[INPUT MATERIAL Boundary: Start]
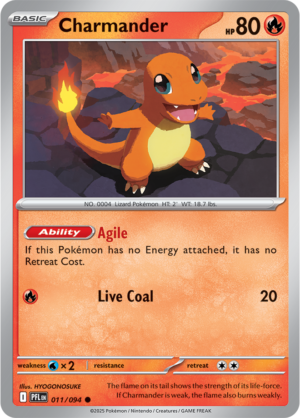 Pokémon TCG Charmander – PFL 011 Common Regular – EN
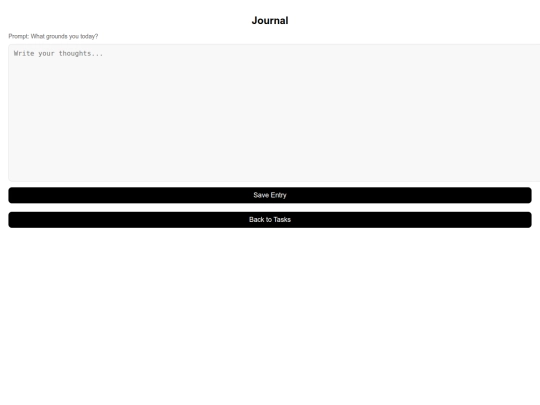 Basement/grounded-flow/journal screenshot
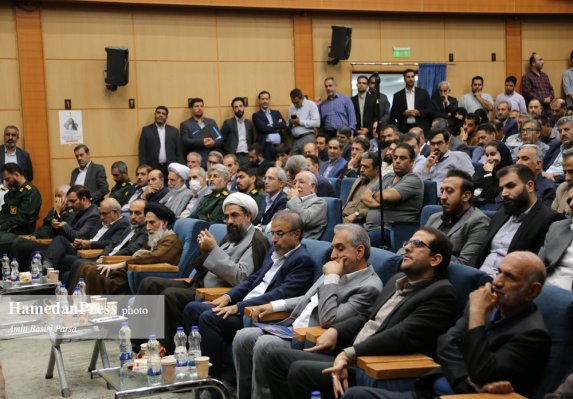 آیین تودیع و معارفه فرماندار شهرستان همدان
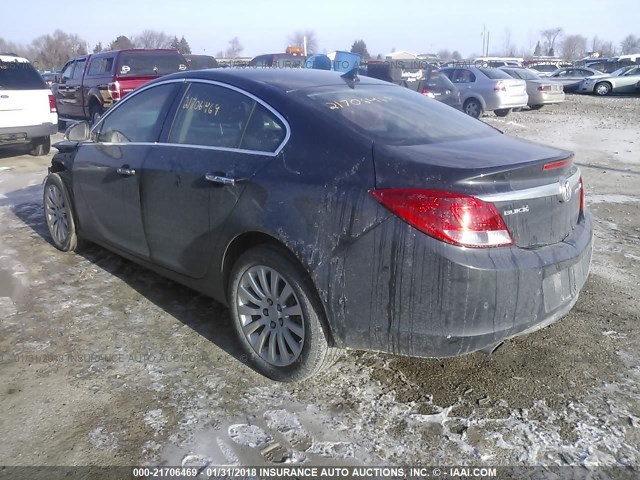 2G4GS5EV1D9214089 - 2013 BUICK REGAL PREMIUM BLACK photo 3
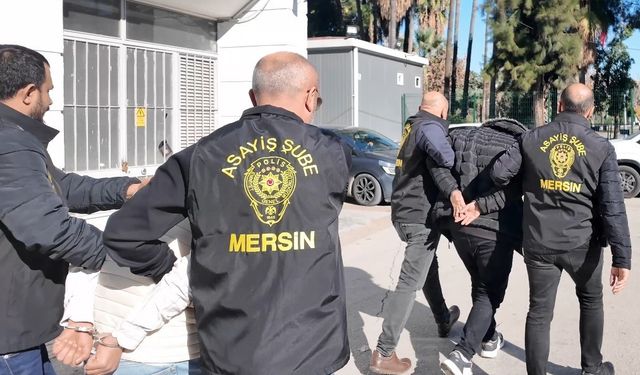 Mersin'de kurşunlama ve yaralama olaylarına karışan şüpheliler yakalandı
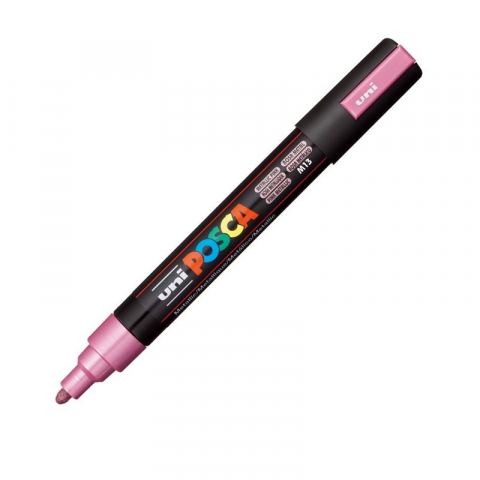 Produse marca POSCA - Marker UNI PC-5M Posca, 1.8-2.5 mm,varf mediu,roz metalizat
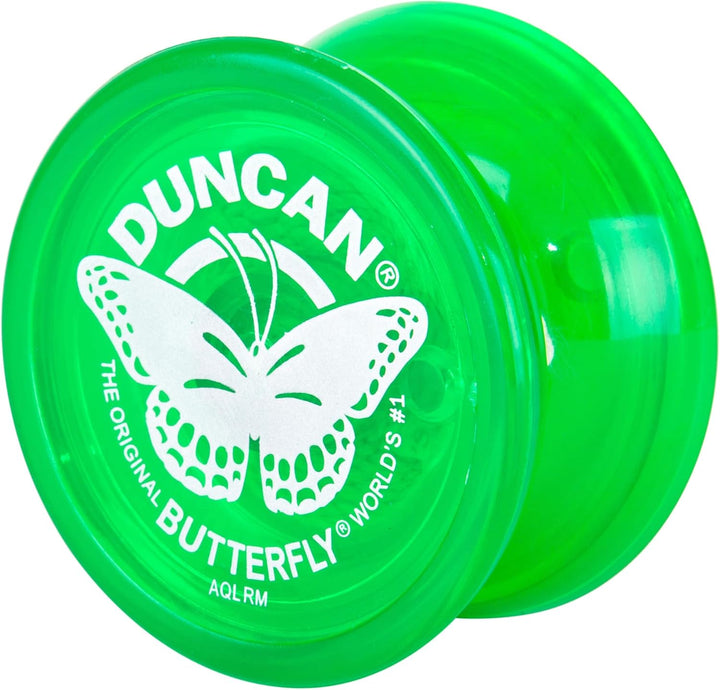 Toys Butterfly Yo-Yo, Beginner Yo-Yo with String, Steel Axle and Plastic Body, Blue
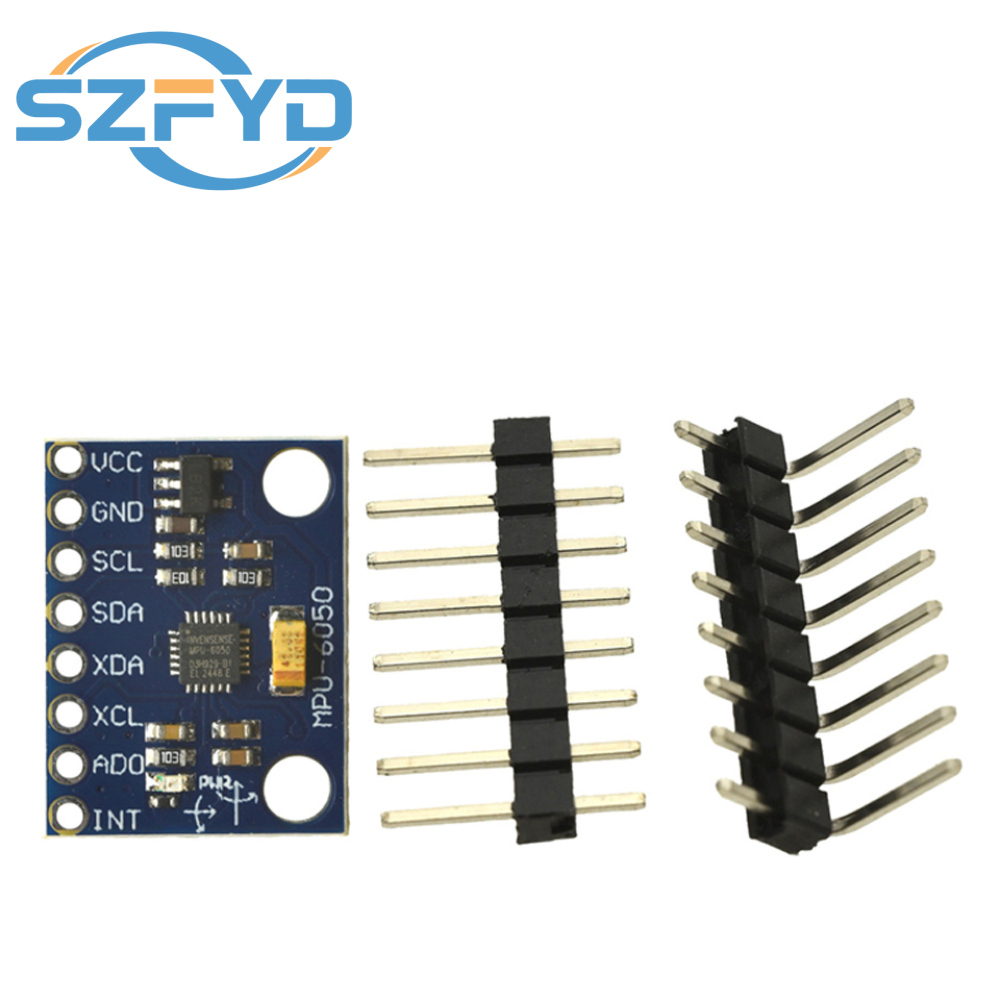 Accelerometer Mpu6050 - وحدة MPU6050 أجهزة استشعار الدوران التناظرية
[INPUT MATERIAL Boundary: End]
**TASK INSTRUCTIONS**. Above are the records; print them all exactly and keep the pictures out.

**SOLUTION**.
 Pokémon TCG Charmander – PFL 011 Common Regular – EN
 Basement/grounded-flow/journal screenshot
 آیین تودیع و معارفه فرماندار شهرستان همدان
 2G4GS5EV1D9214089 - 2013 BUICK REGAL PREMIUM BLACK photo 3
 Mersin'de kurşunlama ve yaralama olaylarına karışan şüpheliler yakalandı
 Produse marca POSCA - Marker UNI PC-5M Posca, 1.8-2.5 mm,varf mediu,roz metalizat
 Toys Butterfly Yo-Yo, Beginner Yo-Yo with String, Steel Axle and Plastic Body, Blue
 Accelerometer Mpu6050 - وحدة MPU6050 أجهزة استشعار الدوران التناظرية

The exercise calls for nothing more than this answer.